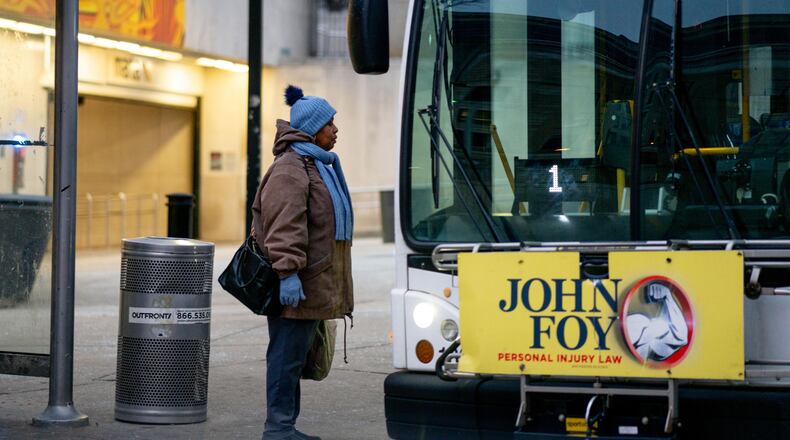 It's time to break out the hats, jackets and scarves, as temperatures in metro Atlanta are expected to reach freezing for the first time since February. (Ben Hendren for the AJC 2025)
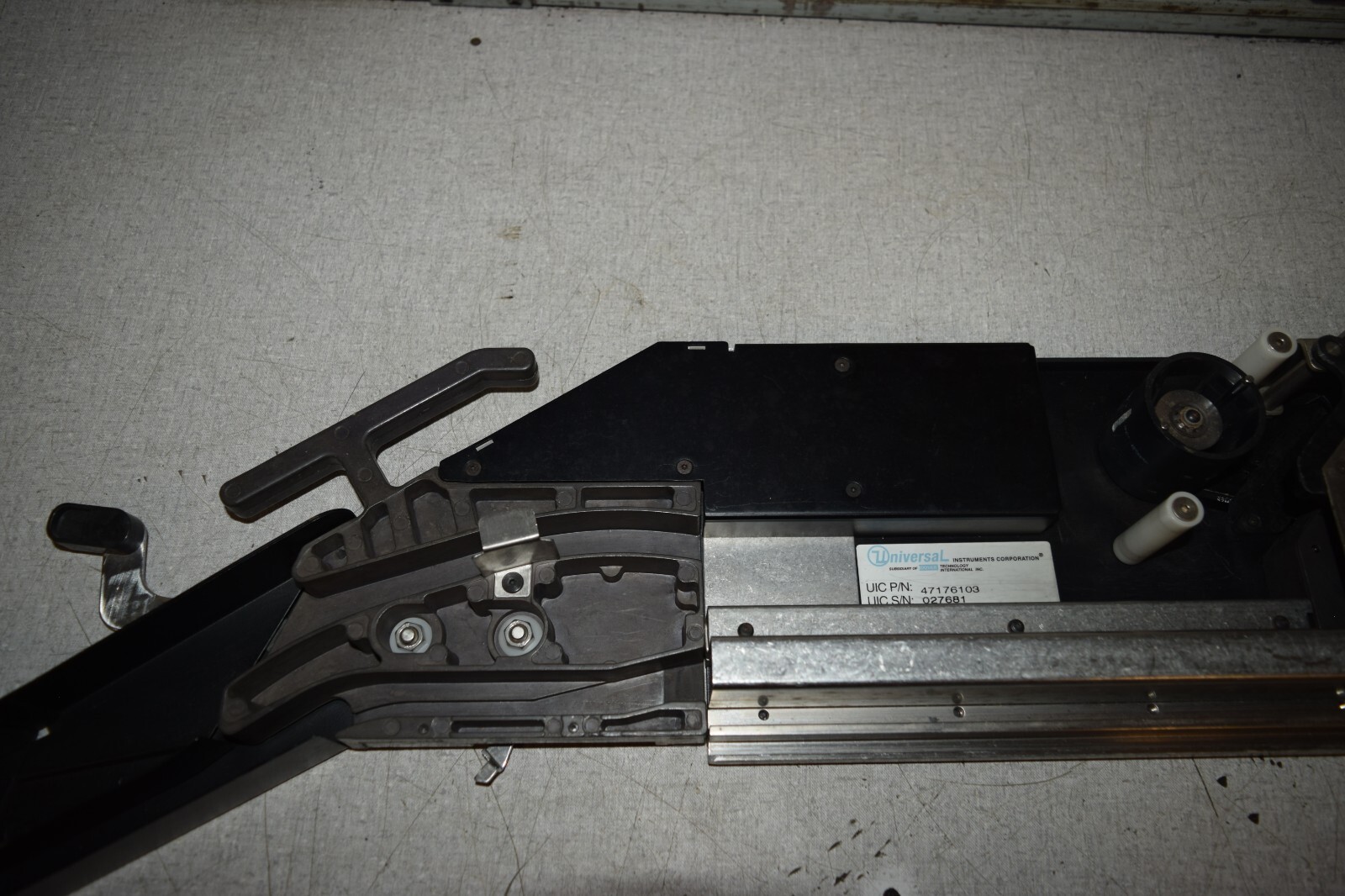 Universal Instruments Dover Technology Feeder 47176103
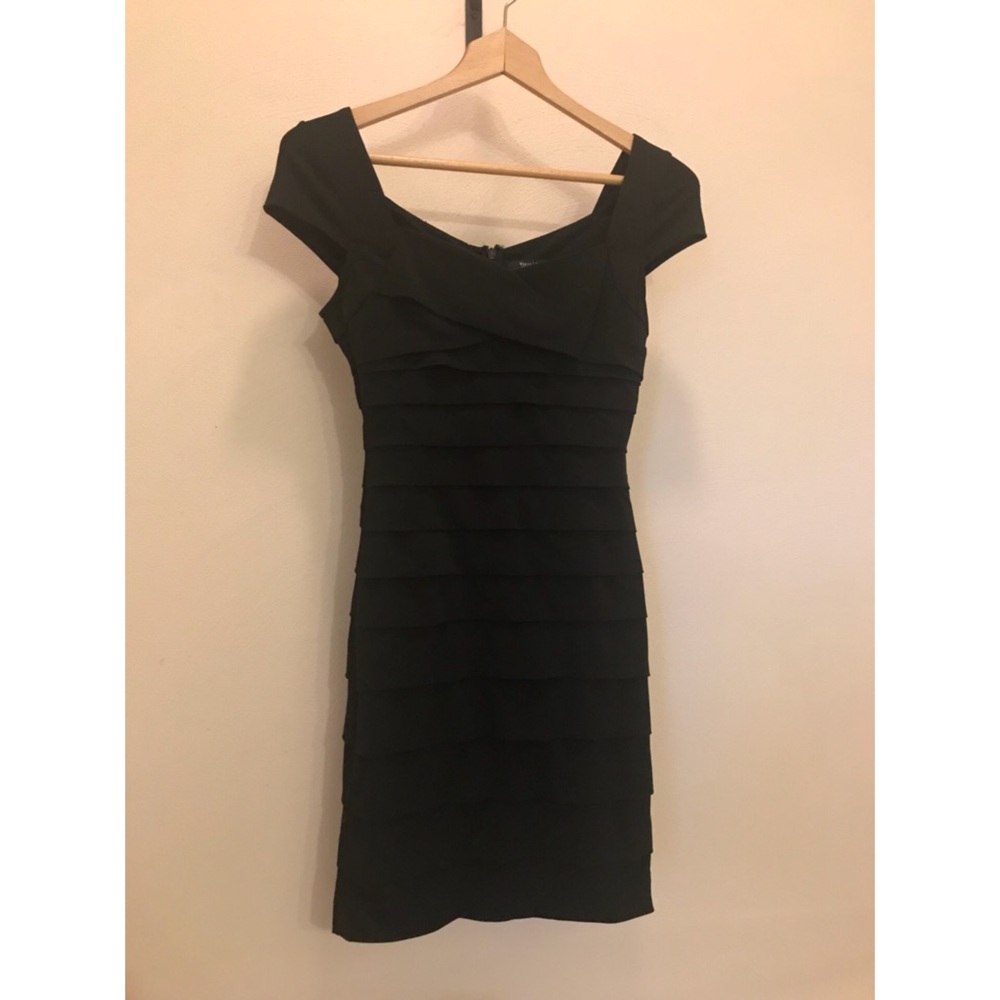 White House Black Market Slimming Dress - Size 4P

[Task statement]
Copy out, with no pictures, the lines from the one containing "Universal Instruments Dover" through the last line of the data above, both ends included and each word unchanged.

[Result]
 Universal Instruments Dover Technology Feeder 47176103
 White House Black Market Slimming Dress - Size 4P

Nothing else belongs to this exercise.